While the crisis in Turkey over the possible election of its first president with an Islamist past looks like a battle between secularists and Islamic traditionalists - with the very fabric of secular Turkish society at stake - the reality is in fact very different.
The secularist-Islamist struggle is an important element that cannot be overlooked. However, the tussle, which escalated late on Friday when the military weighed in with a threat to act, is more about the people who have become accustomed to their kind running the country and how far they are willing to allow democracy to infringe against the strict spirit of Turkey’s constitution.
And the results of the row could be a period of chaos that will benefit no-one at a time when Turkey, a candidate for the European Union, is enjoying a rare spell of political stability and low inflation.

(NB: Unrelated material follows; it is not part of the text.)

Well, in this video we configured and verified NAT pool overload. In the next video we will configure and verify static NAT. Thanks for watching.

Mr Baykal’s definition of the Republic’s true owner would be the secularist elite – people like him, and the military they are so fond of, top secularist judges, bureaucrats, and those Turks who consider themselves to be the best advertisement for the vision of Kemal Ataturk, the blond blue-eyed military hero who was modern Turkey's founding president. The sort of people, in fact, who turned up in their thousands to this weekend’s mass anti-Government rally in Istanbul and another similar march in Ankara two weeks ago.
The people Mr Baykal would imagine do not own the Republic, but have managed to get hold of its ruling ranks through the inconvenient matter of elections, are people such as the Prime Minister, Recep Tayyip Erdogan, who was once imprisoned for sedition and has a wife who wears a headscarf in the traditional Islamic manner, and Foreign Minister Abdullah Gul, the presidential candidate and a respected international figure who shares Mr Erdogan’s Islamist past and also has a headscarf-wearing wife.

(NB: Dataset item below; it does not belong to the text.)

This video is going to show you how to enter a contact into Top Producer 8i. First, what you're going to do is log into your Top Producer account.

Both have vowed that they are committed secularists and have made more headway than any previous administration in taking Turkey towards EU membership, but that cuts no ice with their detractors, who fear dastardly plots to make Turkey more Islamic by stealth. If Mr Gul is elected, his opponents cry, his party of former Islamists will control both the Government and the institution which was supposed to be a control mechanism against its excesses. Symbolically worse, the wives of all top three positions of Prime Minister, Parliament Speaker and President will have headscarves and represent modern secular Turkey with an image it has been trying to escape since it became a republic more than 80 years ago.
It does not seem to concern Mr Baykal and other proudly secularist leaders that the opposition parties are quite at liberty to overturn the Government and defuse any perceived Islamic threat in elections if only they would stop in-fighting and produce some policies and a leader that the electorate would vote for.
The Constitutional Court is set to decide tomorrow or on Wednesday whether to accept an Opposition demand to annul the presidential vote on the legally dubious grounds that their boycott ensured there was not a quorum in the first round of voting in Palriament last week. Then, Mr Gul fell just 10 votes short of the required two-thirds majority and on present form he would win in the third round, where a simple majority is required.
The Court is comprised mainly of secularist judges and may well bear in mind the military’s thinly-disguised attempt to influence the process.
It has prevaricated so far, in the apparent hope that the Government will bow to pressure and call early elections and spare it from making a decision that will be regarded as political.
An early election is what people from many sides now hope Turkey will opt for as a way of defusing the tension. Elections are normally due by November, but polls even a few months earlier would mean the ruling Justice and Development Party (AK) would have to wait and see if it had a big enough majority to elect a president.
But in themselves the elections may not solve much. If AK won, would the army and the secularists be silenced by the ballot box or would they step up the pressure? An alternative scenario is that the result would lead to the sort of feeble, squabbling coalitions that sank Turkey’s prospects and credibility in the 1990s.
Opposition for opposition’s sake - couched as it is in the guise of saving the country from peril - is more likely to harm than protect the democracy that Turkey's Opposition purports to hold so dear. The Constitutional Court, full of judges who have little truck with Islamists, would nevertheless be making a big mistake if it were to indulge the emotive challenge set before it.